The directory to store log files for file_logging. Usually /var/log/pvc or a similar directory. Must be specified even if file_logging is False, though ignored.

systemconfigurationdirectoriesconsole_log_directory

  • required

The directory to store VM console logs. Usually /var/log/libvirt or a similar directory.

systemconfigurationloggingfile_logging

  • required

Whether to enable direct logging to a file in log_directory or not.

systemconfigurationloggingstdout_logging

  • required

Whether to enable logging to stdout or not; captured by SystemD and JournalD by default.

systemconfigurationlogginglog_colours

  • required

Whether to log ANSI colour sequences in the log output or not.

systemconfigurationlogginglog_dates

  • required

Whether to log the current date and time in the log output or not.

systemconfigurationlogginglog_keepalives

  • required

Whether to log keepalive messages or not.

systemconfigurationlogginglog_keepalive_cluster_details

  • required

Whether to log node status information during keepalives or not.

systemconfigurationlogginglog_keepalive_storage_details

  • required

Whether to log storage cluster status information during keepalives or not.

systemconfigurationloggingconsole_log_lines

  • required

How many lines of VM console logs to keep in the Zookeeper database for each VM.

systemconfigurationnetworkingbridge_device

  • optional
  • requires functionsenable_networking

The network interface device used to create Bridged client network vLANs on. For most clusters, should match the underlying device of the various static networks (e.g. ens4 or bond0), though may also use a separate network interface.

systemconfigurationnetworkingbridge_mtu

  • optional
  • requires functionsenable_networking

The network interface MTU for the Bridged client network device. This is the maximum MTU a bridged client network can use.

systemconfigurationnetworkingsriov_enable

  • optional, defaults to False
  • requires functionsenable_networking

Enables (or disables) SR-IOV functionality in PVC. If enabled, at least one sriov_device entry should be specified.

systemconfigurationnetworkingsriov_device

  • optional
  • requires functionsenable_networking

Contains a list of SR-IOV PF (physical function) devices and their basic configuration. Each element contains the following entries:

phy:
  • required

The raw Linux network device with SR-IOV PF functionality.

mtu

The MTU of the PF device, set on daemon startup.

vfcount

The number of VF devices to create on this PF. VF devices are then managed via PVC on a per-node basis.
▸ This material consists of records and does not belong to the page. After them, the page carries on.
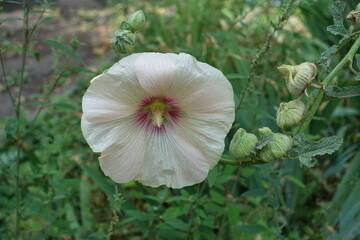 Wall Mural - 1 white and pink flower of common hollyhock in August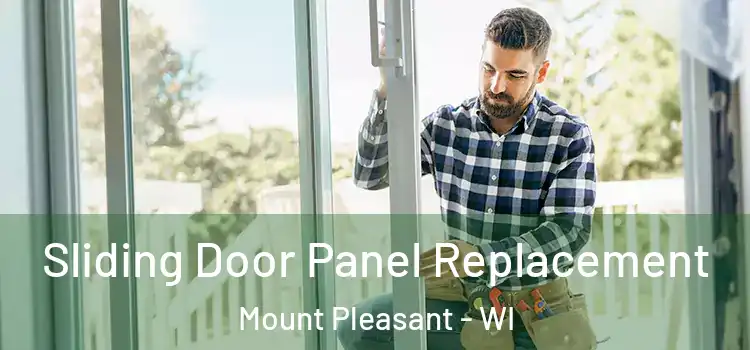  Sliding Door Panel Replacement Mount Pleasant - WI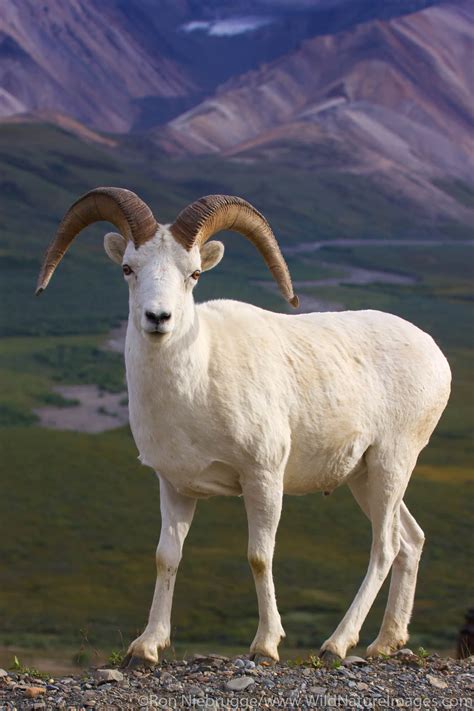 Dalls Sheep Denali National Park Alaska Photos By Ron Niebrugge
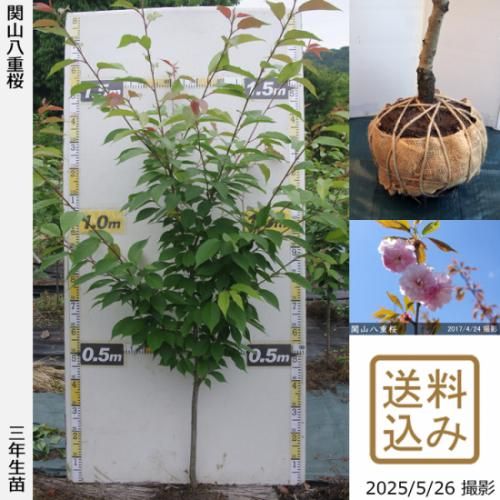 【順次出荷中】3年生苗◇サクラ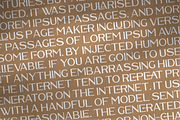 Waldecry A Modern Serif Font, a Serif Font by Storytype Studio (Thumbnail 9 of 15)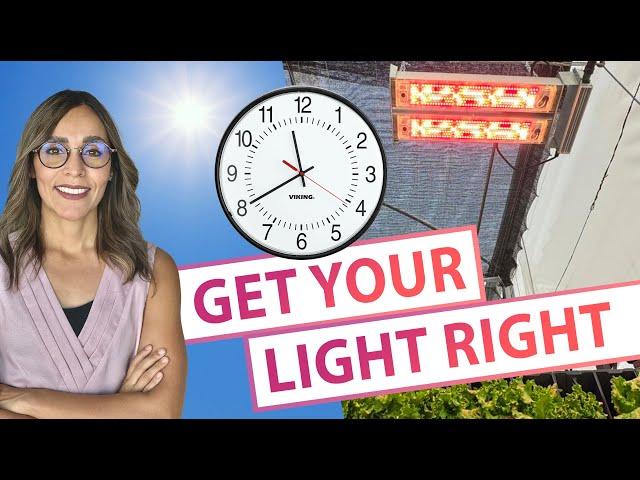 Hydroponic Growing for Beginners: Calculating Optimal Light Hours for Your Crops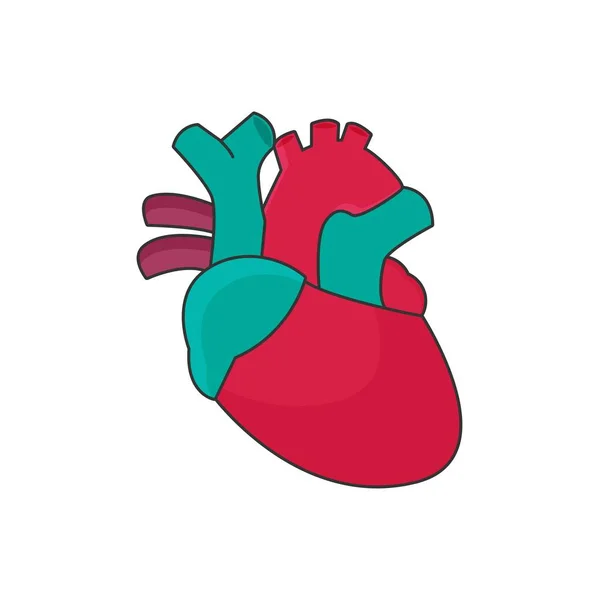 Coração anatômico - Plano —  Vetores de Stock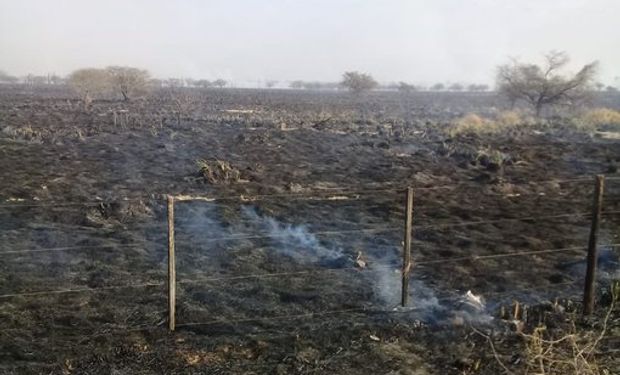 Sequía y múltiples focos de incendio en el norte: "Tanto la ganadería como la agricultura están perjudicadas"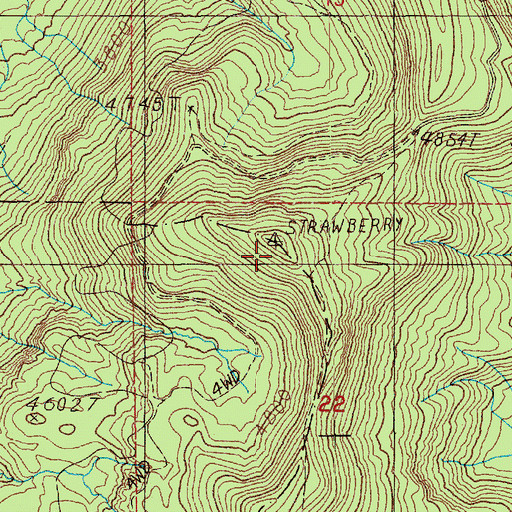 Topographic Map of Strawberry Lookout, WA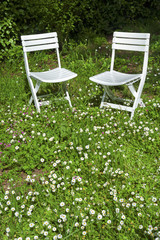 White chair in green garden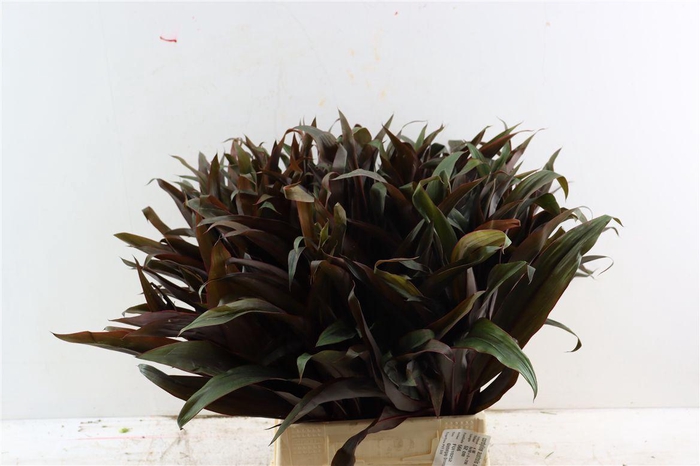 <h4>Cordyline Australis Narya Top</h4>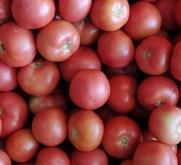 赤峰羊糞收購電話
systemconfigurationnetworking

  • optional
  • requires functionsenable_networking

Contains a dictionary of networks and their configurations on this node. Optional only if enable_networking is False. The three required network types/names are upstream, cluster, and storage. Each network type contains the following entries.

device
  • required

The raw Linux network device that the network exists on.

mtu
  • required

The MTU of the network device.

address
  • required

The IPv4 address of the interface. Can be one of: None, for no IP address; by-id, to automatically select an address in the relevant networks section via the host ID (e.g. node1 will get .1, node2 will get .2, etc.); or a static CIDR-formatted IP address.